Game 5 began pretty evenly with DRX managing an early lead, but then it was all flipped on its head when T1’s Gumayusi managed to steal the first Baron of the game, tilting the momentum in the three-time world champion’s favour as they began focusing on objectives—managing to take seven towers off of DRX.
With an insane gold lead, it seemed that the game was all T1’s for the taking but what they forgot was that DRX’s team composition catered to a late-game scaling composition, meaning that as time went on, each of DRX’s champions would get stronger.
The real turning point was a team fight that happened around the Elder Dragon, where DRX came out on top. In response, two of T1’s members rushed DRX’s base, managing to take one Nexus Turret, but ultimately fell to DRX. With T1’s death timers amounting to almost a minute individually, DRX engaged in a fast counter-attack, pile-driving T1’s base before any of T1 could respawn, winning the series 3–2 and were crowned the 2022 world champions.
In the post-game broadcast interview, 26-year-old Deft reflected on what it means to him to finally call himself a world champion.

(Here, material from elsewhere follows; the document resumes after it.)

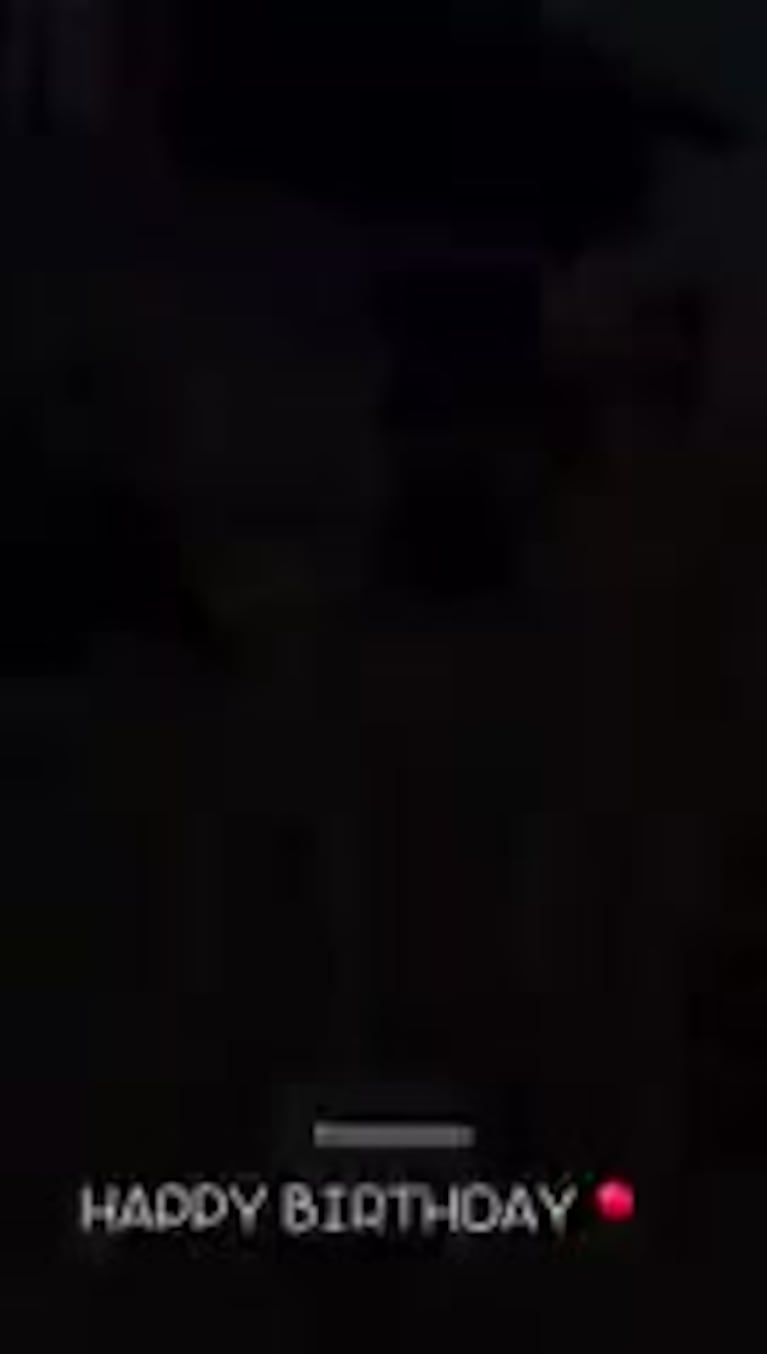 Video Placeholder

“Ever since my debut, every single night I’ve been dreaming about myself winning the world championship. It was only dream, but now, I’ve made it. I’m so happy right now,” he said. “One thing I wanted to say was ‘I’m the best player in the world’, but today I realized that being the best player doesn’t matter. It’s is about our team being the best in the world.”
“My best talent is League of Legends. If I cannot be the best playing LoL, I told myself I won’t find any success in life. That’s why I didn’t want to give up,” Deft added.
BeryL’s personal achievements are also significant. He made it to the Worlds finals over the last three years in 2020, 2021, and 2022, and won twice on two different teams, DAMWON Gaming, and now DRX.
This is the first time in LoL esports history that a Play-In team has won the championship. Past winners started their journey from the Group Stage.